Adolescents, vulnerable to obesity: Is it the fault of evolution?

The obesity in children and adolescents has been growing in recent years, and is one of the issues that most concern to both researchers and physicians and parents about the implications it may have for the health of the smallest of the house.

In general, there is talk of the lack of physical activity that young people maintain in this time in which computer screens and game consoles have replaced outdoor games, as well as a diet that is excessively rich in added sugars, guilty in good Part of the growing obesity of the population.

But what if evolution also had something to do with the rise in teenage obesity? A couple of new studies give us a little light (and more questions, inevitably) on this topic.

Adolescents, vulnerable to obesity Is it the fault of evolutionTo begin to understand the study recently published in the International Journal of Obesity and carried out for 10 years, we must first take into account where the total caloric expenditure of a person comes throughout the day. On the one hand we have a “voluntary” caloric expenditure that takes place thanks to the physical and sports activity that we perform every day.

But the bulk of our total caloric expenditure (approximately 75%) is “involuntary” : that is, it corresponds to the functions our body performs only to keep itself alive and functioning (what we know as basal caloric expenditure ). The correct functioning of the brain or vital functions corresponds to this “involuntary” caloric expenditure.

Does evolution have anything to do with it?

The study has found that there are two times when children tend to gain weight : birth to 5 years of age (which affects mainly the offspring of obese parents) and adolescence (affects Children in general).

During the study it was observed that the basal caloric expenditure of children between 0 and 15 years old suffered a significant decrease, up to 25%, to rise again at around 16 years. Why is this happening?

The possible reason they handle in the study is that it may be an adaptation of our body thousands of years ago. When humans were hunter-gatherers it was not possible to insure a quantity of food necessary for the correct development of our body during adolescence and in the passage to maturity. As a solution, it is possible for our body to adapt to reserve calories that would ensure the energy needed to develop properly during our puberty.

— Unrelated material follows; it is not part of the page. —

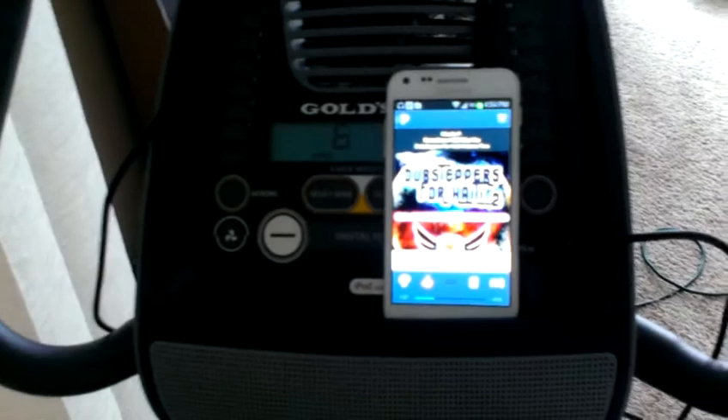That's just a quick sample of the speaker on the 290C. I'll put it up close there. That's what it sounds like. Pretty cool. It automatically pauses your program anytime you get off the bike, so you don't lose track of where you were.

Thus, the body would enter into a state of “energy reserve” lowering its basal metabolism, and this would ensure that you have available energy in the event you do not have enough food.

What happens today?

The “problem” is that in our day we do not have to worry about going hunting or gathering food beyond the supermarket . In the case of children and adolescents in general do not have to go beyond the refrigerator. Is it possible that our body has maintained this “safety mechanism” by lowering its basal metabolism during the adolescent years even though we have food available within our reach?

As a solution to this situation we must put special care in the feeding of children and adolescents : if this decrease of the basal metabolic rate really occurs, a diet based on ultra processed products can be a time bomb that multiplies the chances of becoming adults Obese or overweight.

A food-based diet, avoiding processed products, and encouraging good eating habits from the earliest years of life is a good starting point to fight against this situation.